The restoration, preservation, and use of medieval monuments in modern times
The concept of the management of monuments includes the care of all immovable and moveable monuments. It is the manner in which they are studied, understood, protected, restored, cared for and used, so that they can be passed on to future generations. Archaeological Law No 3028 'On the protection of antiquities and general cultural heritage' provides a legal framework for this relationship. It includes monuments within the cultural heritage of our country, and enforces their protection. Comparable international agreements such as the 'Venice Charter for the Conservation and Restoration of Monuments and Sites' of 1965, mentions, in Articles 3 and 4 respectively, 'The preservation and restoration of monuments is aimed at their preservation both as works of art and as witnesses to history'. 'The maintenance of monuments has as its overriding requirement the continued and permanent care for their preservation'.
Our relationship with monuments gives rise to obligations, the meeting of which is now an urgent need, but a difficult process, as every monument is unique.
Although monuments are connected to commemoration and the past, they are also a part of the present of all societies, and, if they are carefully maintained and protected, they will become a part of their future.
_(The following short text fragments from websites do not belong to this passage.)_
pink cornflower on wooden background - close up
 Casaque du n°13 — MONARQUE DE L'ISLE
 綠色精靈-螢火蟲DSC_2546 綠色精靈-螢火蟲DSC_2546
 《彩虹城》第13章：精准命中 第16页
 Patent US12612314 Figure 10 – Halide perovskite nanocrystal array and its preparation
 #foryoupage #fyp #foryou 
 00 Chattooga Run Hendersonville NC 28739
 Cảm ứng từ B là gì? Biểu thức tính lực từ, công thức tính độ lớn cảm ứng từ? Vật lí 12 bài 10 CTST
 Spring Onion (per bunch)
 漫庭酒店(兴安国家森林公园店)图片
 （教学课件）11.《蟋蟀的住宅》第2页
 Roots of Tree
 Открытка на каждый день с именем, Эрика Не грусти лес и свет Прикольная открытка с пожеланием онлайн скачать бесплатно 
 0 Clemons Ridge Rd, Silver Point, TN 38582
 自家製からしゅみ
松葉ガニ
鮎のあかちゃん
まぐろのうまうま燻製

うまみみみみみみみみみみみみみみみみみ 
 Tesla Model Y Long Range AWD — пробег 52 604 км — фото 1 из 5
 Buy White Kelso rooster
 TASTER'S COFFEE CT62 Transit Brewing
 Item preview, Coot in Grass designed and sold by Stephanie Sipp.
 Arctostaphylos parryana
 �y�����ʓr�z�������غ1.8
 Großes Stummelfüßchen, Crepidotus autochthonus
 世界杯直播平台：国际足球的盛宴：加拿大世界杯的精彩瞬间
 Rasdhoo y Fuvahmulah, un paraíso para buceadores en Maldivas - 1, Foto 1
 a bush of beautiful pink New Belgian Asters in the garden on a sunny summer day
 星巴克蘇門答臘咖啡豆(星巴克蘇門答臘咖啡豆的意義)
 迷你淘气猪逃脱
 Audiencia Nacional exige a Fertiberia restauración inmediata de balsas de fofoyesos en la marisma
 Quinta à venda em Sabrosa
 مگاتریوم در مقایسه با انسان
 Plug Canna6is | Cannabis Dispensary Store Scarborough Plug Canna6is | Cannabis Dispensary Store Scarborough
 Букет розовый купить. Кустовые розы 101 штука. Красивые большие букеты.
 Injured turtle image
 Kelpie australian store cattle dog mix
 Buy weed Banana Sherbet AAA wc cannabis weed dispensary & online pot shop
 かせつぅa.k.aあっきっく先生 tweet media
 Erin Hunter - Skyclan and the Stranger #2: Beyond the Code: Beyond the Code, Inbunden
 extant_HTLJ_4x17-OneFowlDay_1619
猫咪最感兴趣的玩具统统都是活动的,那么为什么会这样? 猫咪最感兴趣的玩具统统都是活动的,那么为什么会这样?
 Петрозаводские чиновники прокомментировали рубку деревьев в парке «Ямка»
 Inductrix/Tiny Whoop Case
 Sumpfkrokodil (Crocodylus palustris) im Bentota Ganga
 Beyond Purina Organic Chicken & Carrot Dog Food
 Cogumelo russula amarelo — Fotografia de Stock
The ephorates of antiquities and later monuments are responsible for the protection and preservation of cultural assets, as well as for their modern use. The accession of Greece to the European Union and the Community funds that are made available for culture (3rd Community Support Framework, NSFR) for projects regarding the maintenance, support and restoration of monuments, allowed work to be carried out for the restoration, protection and display of many monuments, and therefore the cultivation of a relationship between the monuments and the society of which they are part.
The contemporary management of immoveable monuments takes on different forms, for example: the parallel restoration and display of the phases of a building; the maintenance of murals in churches; the maintenance of archaeological sites; excavations; and using a monument for a new purpose.
Through all the above activities, monuments acquire a meaning, a place in society, and a function. Through their protection and correct management, which is the not just the responsibility of the State and the competent authorities, but of us all, we achieve the preservation of our cultural heritage.